THE PROBLEM> When you reach the line that contains "794381-1 Pin & Socket Connectors" below, transcribe it and each line after it word for word to the end of the records, omitting pictures.

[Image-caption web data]
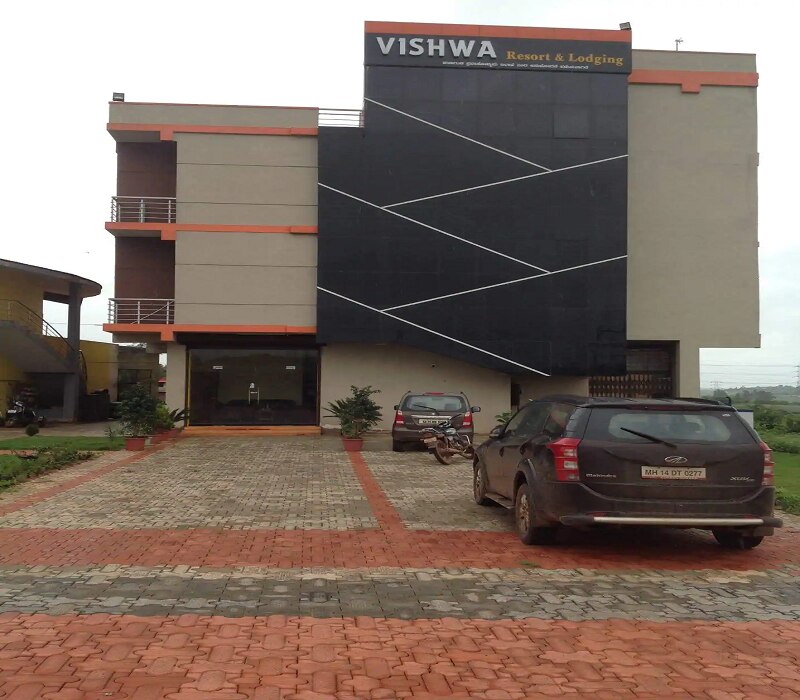 Photos of Hotel Vishwa Resort & Lodging, Dharwad Lodge in Dharwad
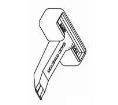 794381-1 Pin & Socket Connectors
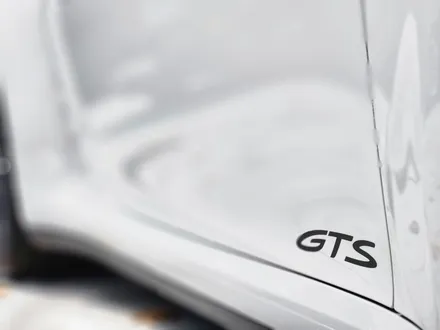 포르쉐 911 카레라 GTS 크레용 / 전체PPF 네카코리아 / 부천 원미구 상동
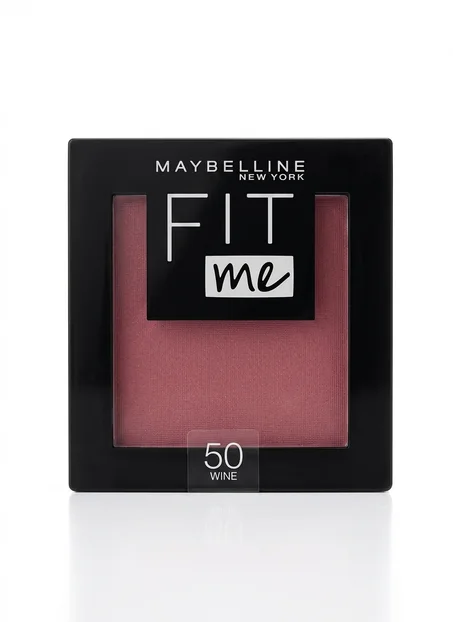 Maybelline Fit Me Blush – N°50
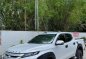 White Mitsubishi Strada 2019 for sale in Automatic-8
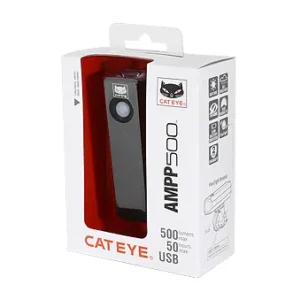 *CATEYE AMP 500 RAPID MINI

ANSWER AREA>
 794381-1 Pin & Socket Connectors
 포르쉐 911 카레라 GTS 크레용 / 전체PPF 네카코리아 / 부천 원미구 상동
 Maybelline Fit Me Blush – N°50
 White Mitsubishi Strada 2019 for sale in Automatic-8
 *CATEYE AMP 500 RAPID MINI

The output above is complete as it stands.